## HOW TO COMPLETE THIS TASK
Nothing but an exact reproduction of the records, pictures excluded, should be returned.

## DATA SUPPLIED
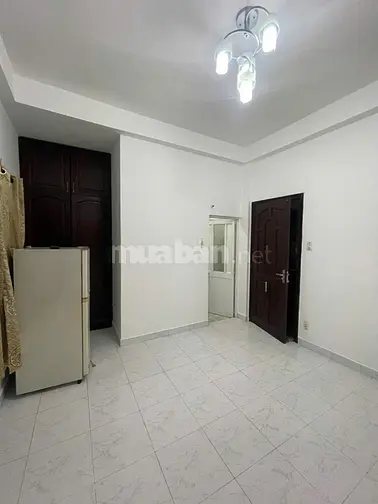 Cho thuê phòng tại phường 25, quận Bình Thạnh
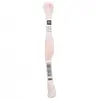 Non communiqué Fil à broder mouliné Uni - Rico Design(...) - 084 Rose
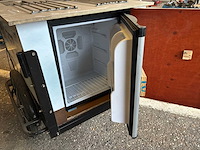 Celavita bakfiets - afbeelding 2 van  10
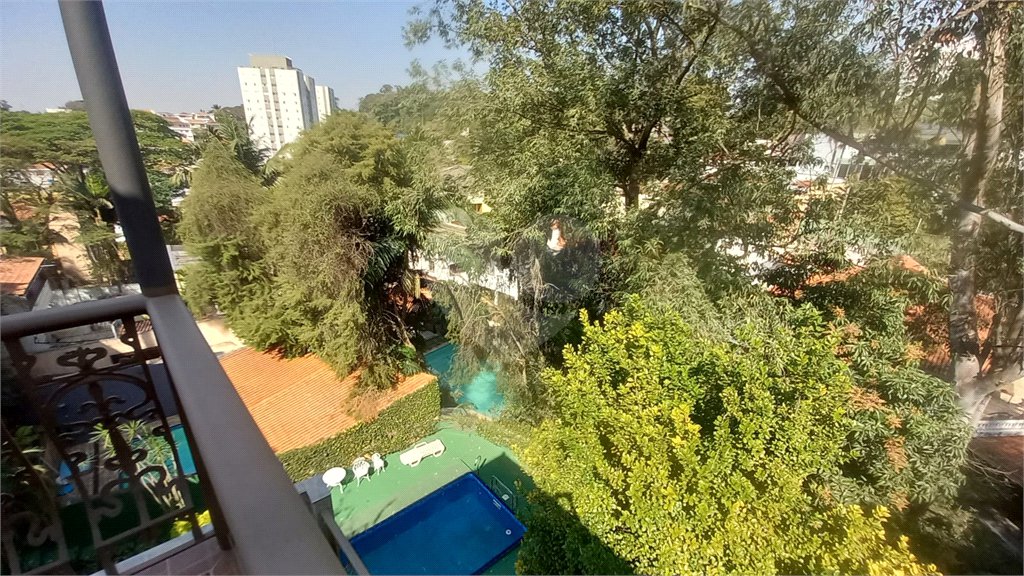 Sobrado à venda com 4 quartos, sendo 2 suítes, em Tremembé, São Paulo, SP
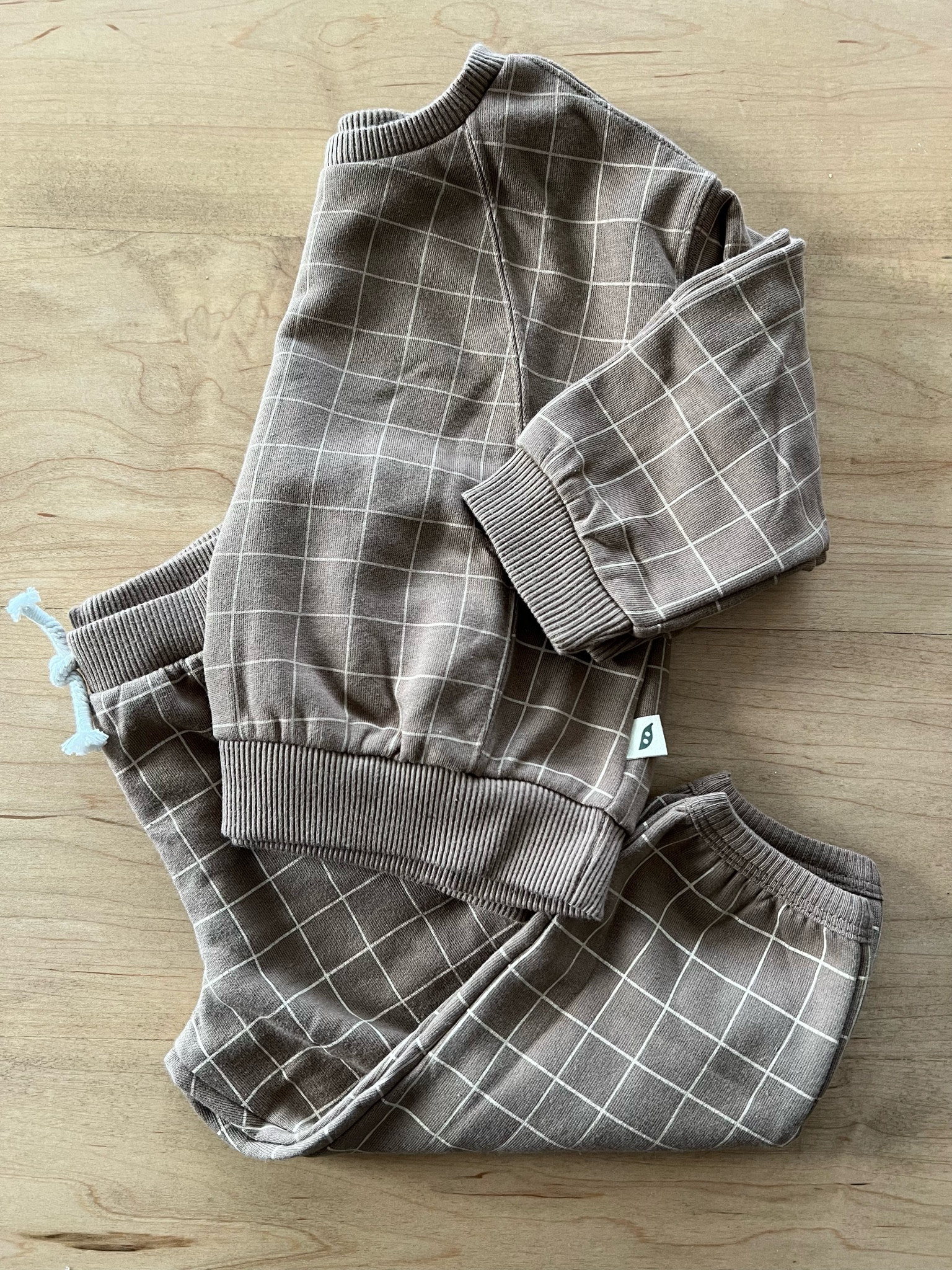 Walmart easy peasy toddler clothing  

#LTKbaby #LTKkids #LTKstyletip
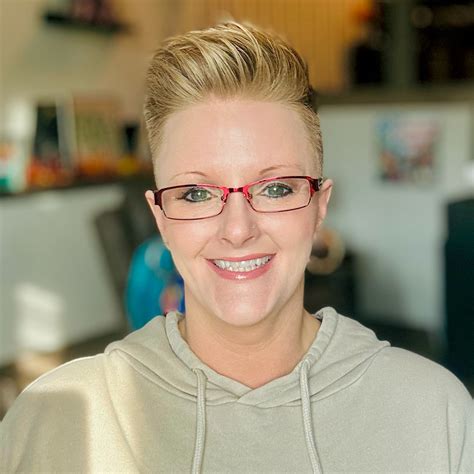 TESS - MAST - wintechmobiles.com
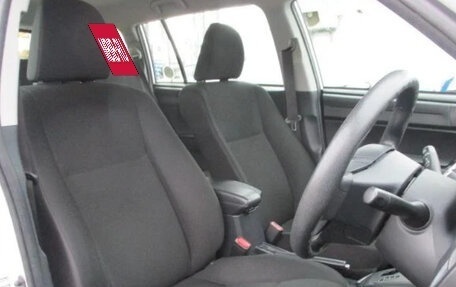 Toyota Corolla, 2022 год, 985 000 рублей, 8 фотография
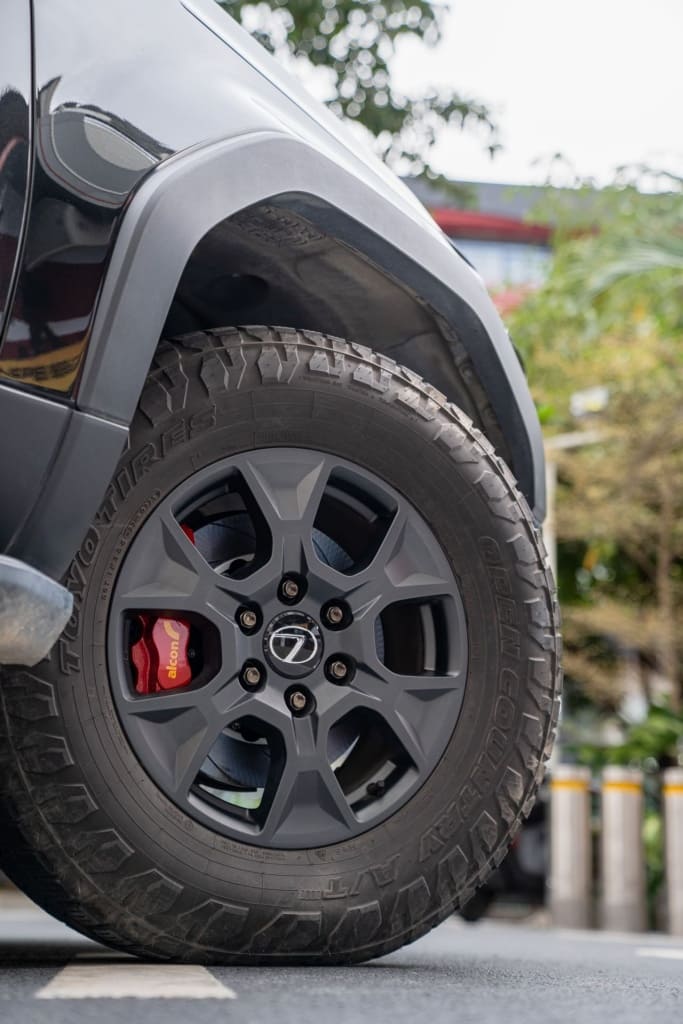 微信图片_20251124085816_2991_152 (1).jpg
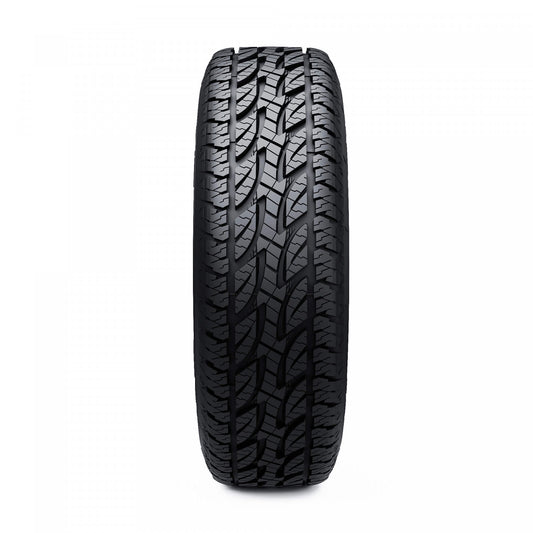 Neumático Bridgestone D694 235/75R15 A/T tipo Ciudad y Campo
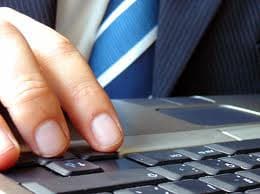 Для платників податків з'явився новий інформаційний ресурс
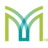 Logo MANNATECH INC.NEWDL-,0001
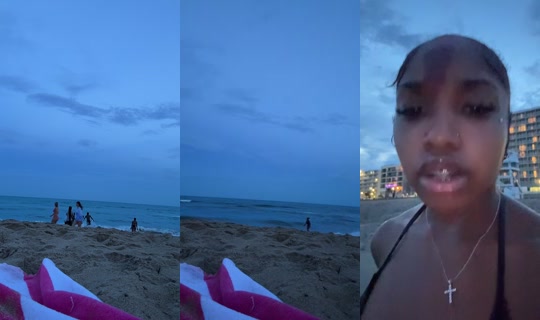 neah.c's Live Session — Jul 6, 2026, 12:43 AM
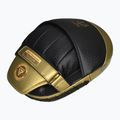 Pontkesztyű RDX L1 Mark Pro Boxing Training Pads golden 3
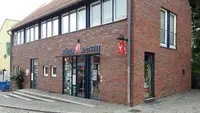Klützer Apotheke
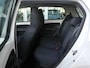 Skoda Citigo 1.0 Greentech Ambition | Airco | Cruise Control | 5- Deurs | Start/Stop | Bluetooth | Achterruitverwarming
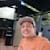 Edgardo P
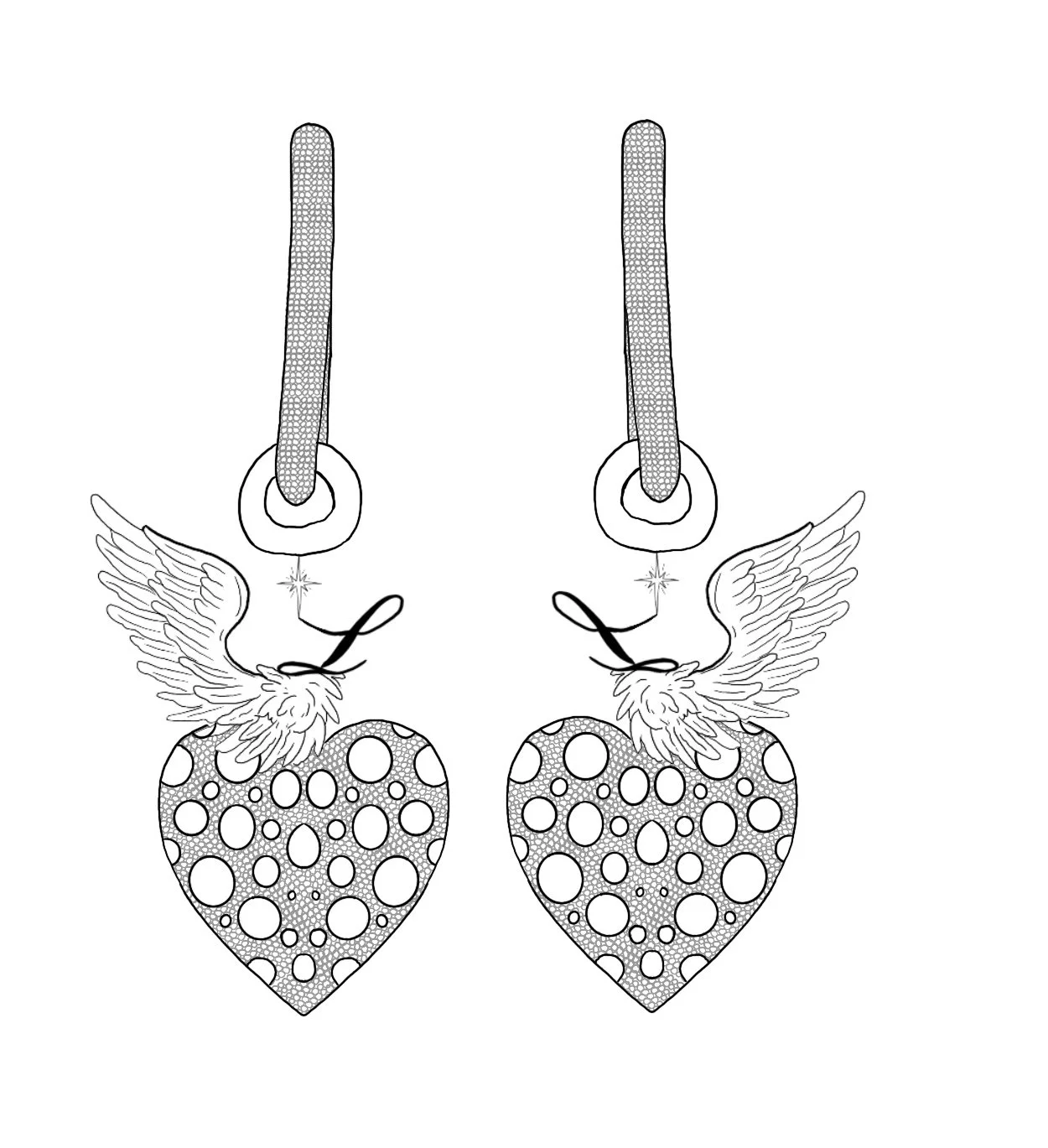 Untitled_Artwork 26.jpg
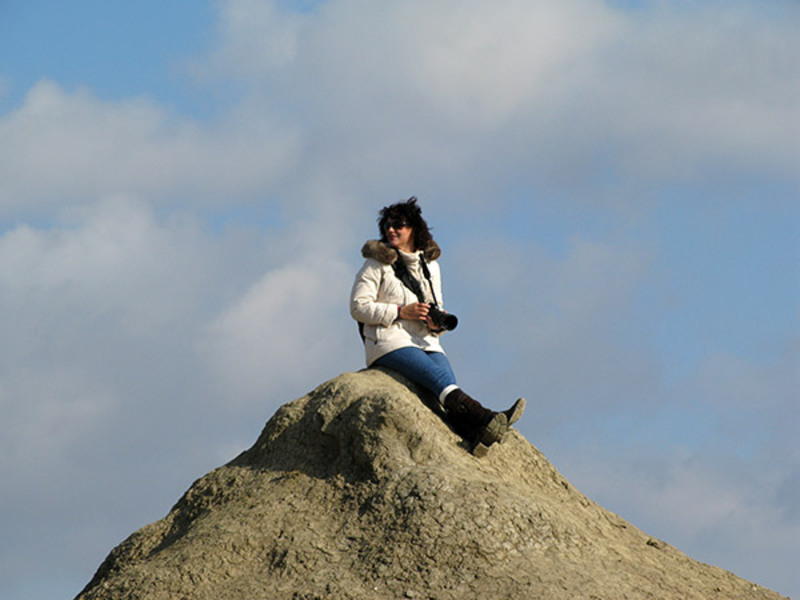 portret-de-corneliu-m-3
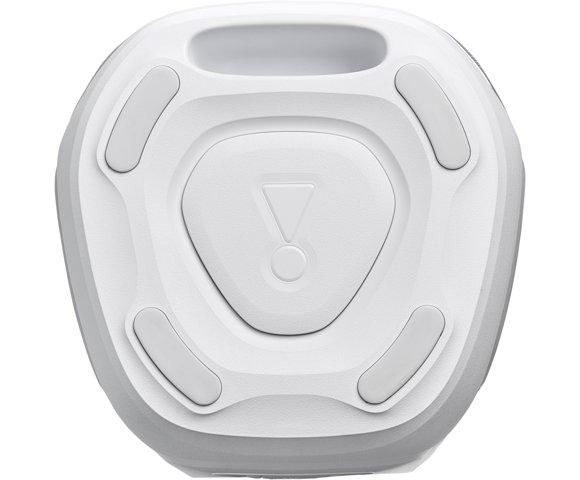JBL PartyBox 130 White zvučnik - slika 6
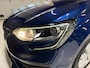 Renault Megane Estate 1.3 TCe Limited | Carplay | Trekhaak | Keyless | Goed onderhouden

## EXERCISE SOLUTION
 Cho thuê phòng tại phường 25, quận Bình Thạnh
 Non communiqué Fil à broder mouliné Uni - Rico Design(...) - 084 Rose
 Celavita bakfiets - afbeelding 2 van  10
 Sobrado à venda com 4 quartos, sendo 2 suítes, em Tremembé, São Paulo, SP
 Walmart easy peasy toddler clothing  

#LTKbaby #LTKkids #LTKstyletip
 TESS - MAST - wintechmobiles.com
 Toyota Corolla, 2022 год, 985 000 рублей, 8 фотография
 微信图片_20251124085816_2991_152 (1).jpg
 Neumático Bridgestone D694 235/75R15 A/T tipo Ciudad y Campo
 Для платників податків з'явився новий інформаційний ресурс
 Logo MANNATECH INC.NEWDL-,0001
 neah.c's Live Session — Jul 6, 2026, 12:43 AM
 Pontkesztyű RDX L1 Mark Pro Boxing Training Pads golden 3
Klützer Apotheke
 Skoda Citigo 1.0 Greentech Ambition | Airco | Cruise Control | 5- Deurs | Start/Stop | Bluetooth | Achterruitverwarming
 Edgardo P
 Untitled_Artwork 26.jpg
 portret-de-corneliu-m-3
JBL PartyBox 130 White zvučnik - slika 6
 Renault Megane Estate 1.3 TCe Limited | Carplay | Trekhaak | Keyless | Goed onderhouden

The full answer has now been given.